Chojiro, un potier japonnais vivant au XVème siècle fabriquait des bols pour la cérémonie du thé. Ayant raté sa cuisson, il jeta les bols encore chauds dans la sciure et obtient des effets alors inconnus. Sa découverte fut le fruit du hasard. Son idéogramme en forme de sceau lui a été donné en 1588 par le souverain Hideyoshi. C’est grâce à cet honneur que son nom de famille devint RAKU. Depuis cette date, la dynastie ne s’est pas éteinte et de nos jours au Japon il existe encore des descendants qui portent ce nom et perpétuent cette tradition. On dit que Raku en japonnais veut dire « bonheur dans le hasard », je ne suis pas sure que ce soit vrai, si quelqu’un parle japonnais qu’il m’envoie un message.

La technique

La terre est modelée par le céramiste. Une fois terminée, la pièce doit sécher à l’air libre puis être cuite lentement pendant près de douze heures pour atteindre une température de plus de 1100°C. Après le refroidissement, la pièce est émaillée à l’aide d’oxydes métalliques. La pièce est cuite une seconde fois dans une four à bois ou à gaz pour atteindre une température proche de 900°C. Elle est alors défournée à cette température à l’aide de pince et plongée dans des copeaux de bois.
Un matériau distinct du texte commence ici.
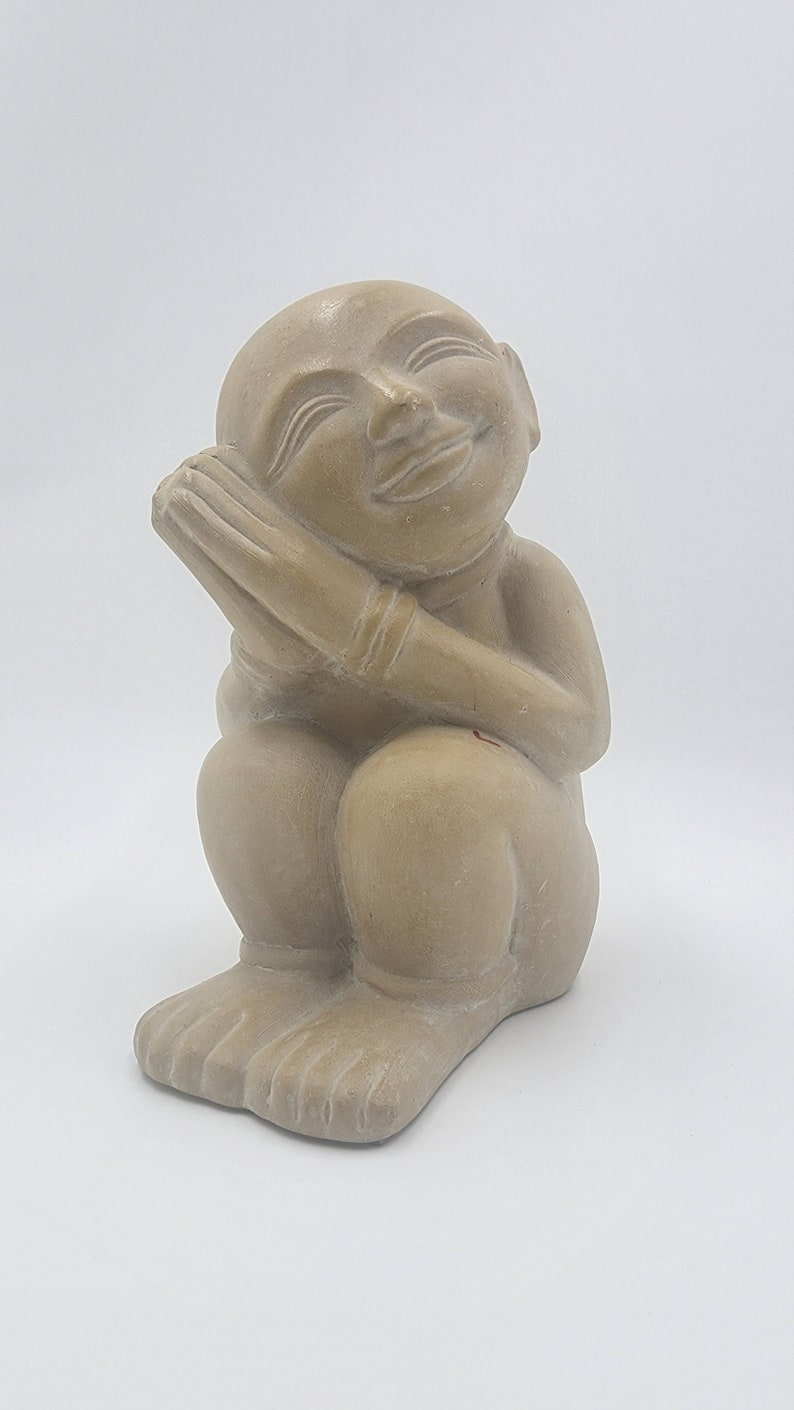 Timeless Charm: Captivating Antique Soapstone Statue of a Dreaming Child - Thecosmicaccess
Le choc thermique créé des craquelures sur les émaux et le noir de fumée va se déposer dans ces craquelures et sur les parties non émaillées. La pièce est nettoyée et va retrouver ses copines dans l’Atelier.

Merci à Jean Henri Bertrand pour avoir immortalisé cette pomme au four.

En 3 mots

On reconnaît une pièce Raku à ses craquelures, son noir de fumée, et aux lustres (reflets) sur l’émail.